Obama's comments joined a chorus of forewarnings, particularly from Pentagon leaders who have sought to push Congress to act.

"Today, in my opinion, the greatest threat to our national security is the fiscal uncertainty resulting from the lack of predictability in the budget cycles," Army Chief of Staff Ray Odierno said Feb. 15 in an appearance at the Brookings Institution in Washington. "Our country's inability to put its fiscal house in order compromises the future of the joint force, the Army, and ultimately will impact our ability to provide security to our nation."

Odierno also warned that the looming fiscal threats could delay troops from being sent home from and redeployed to Afghanistan.

While most would agree sequestration's cuts will have a negative impact (with some debate ongoing about just how severe it would be), not everyone buys into the idea that the measure will be as disastrous for the military as some within the defense community are predicting.

"The cuts to social programs, public services and environmental protection will destroy more jobs than cuts to the Pentagon budget," Bill Hartung, director of the Arms and Security Project at the Center for International Policy, said on a Feb. 19 conference call for the "Jobs Not Wars" campaign. "If we're concerned about jobs, we shouldn't let the Pentagon and its contractors fend off sensible reforms that can save taxpayers billions of dollars."

Michael Eisenscher, national coordinator of U.S. Labor Against the War, contended that much of the general public supports cuts to a "bloated" Defense Department budget.

"Pentagon spending proponents are out of step with the American people," Eisenscher said. "A majority of Americans support substantial cuts to the Pentagon budget in favor of priorities that ensure long-term security here and abroad: creating jobs, repairing the social safety net, rebuilding public infrastructure, providing support for veterans, addressing global warming and meeting other urgent social needs."

The government is just days away from a complicated, multi-faceted March showdown.

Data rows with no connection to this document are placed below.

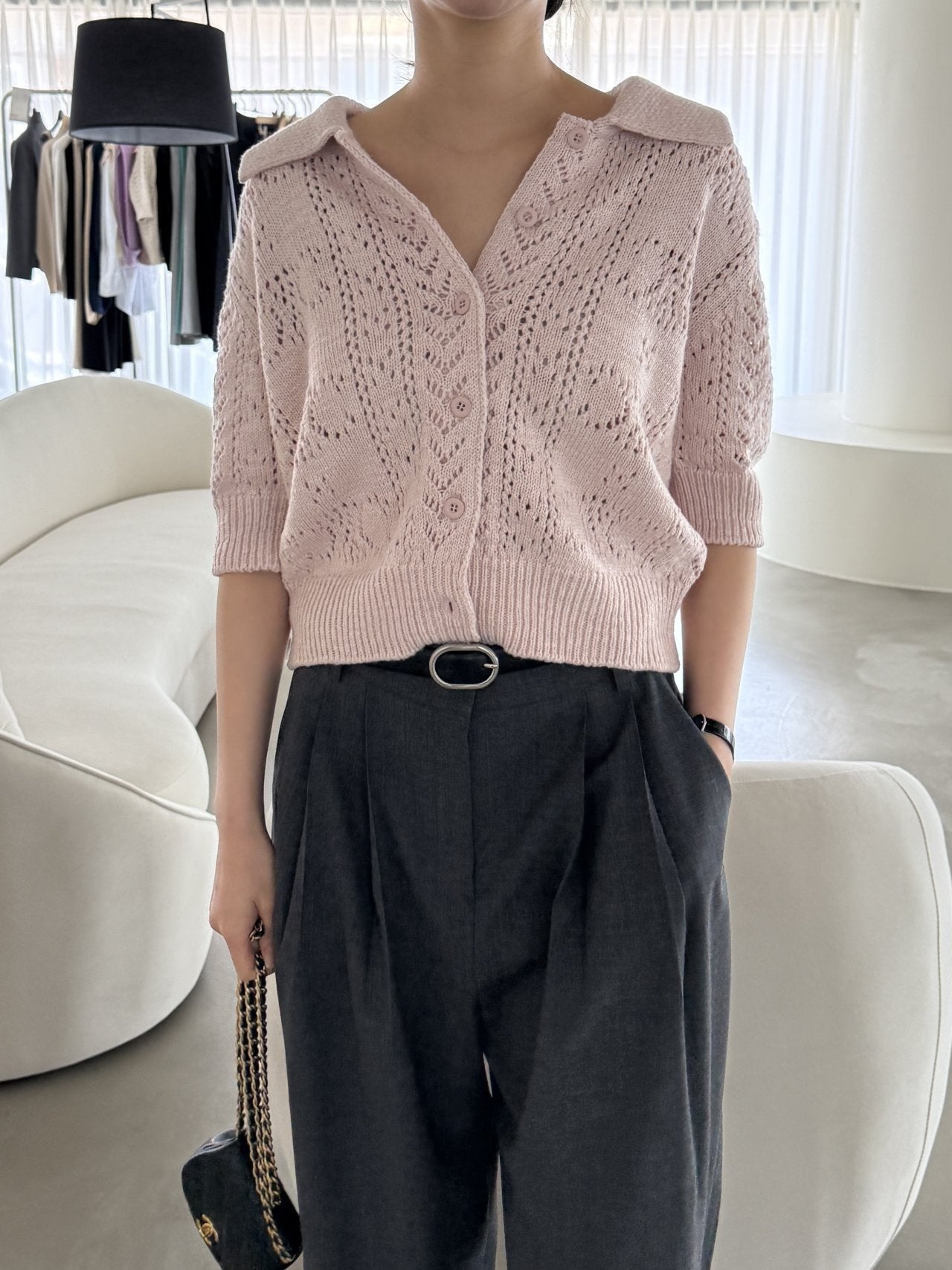 Classic Crochet Cardigan - Strawberry Latte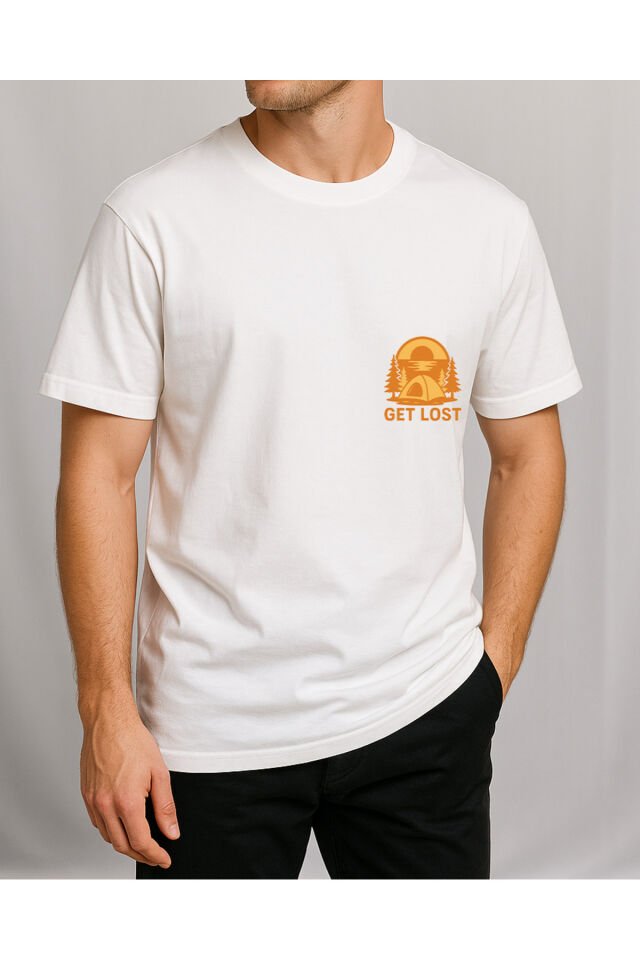 Tişört Unisex (Get Lost) Erkek Beyaz - XL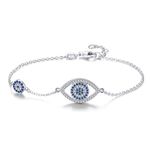 Blue Evil Eyes Link Bracelet Sterling Silver 925 Cubic Zirconia Chain Adjustable 7"(Rhodium)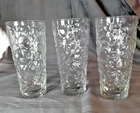 Anchor Hocking Lido Milano Crinkle Vintage Glasses in Clear 6-3/8" Set of 3
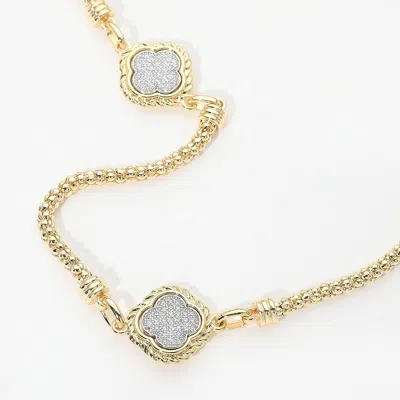 Fashnzfab 14k Gold Plated Cz Pave Quatrefoil Charm Station Long Necklace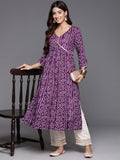 Purple Bandhani Print V-Neck With Sequin Lace Detail A Line Kurta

Besides sequestration's March 1 launch date, the president is slated to release the 2014 federal budget sometime around March 15. That is roughly the same time members of Congress are expected to begin debating the 2014 budget in their respective chambers as well. In addition to that, the current continuing resolution is set to expire on March 27 – and will require congressional debate of its own, which likely will compete with budget deliberations.

"Under these circumstances, it's going to be harder than usual for Congress to figure out baselines, economic forecasts and all of the other basic information it needs not just to draft a budget resolution but to evaluate what’s being debated," Stan Collender, a budget expert at Qorvis Communications, wrote in his blog earlier this month. "All of this makes what happens in March impossible to predict."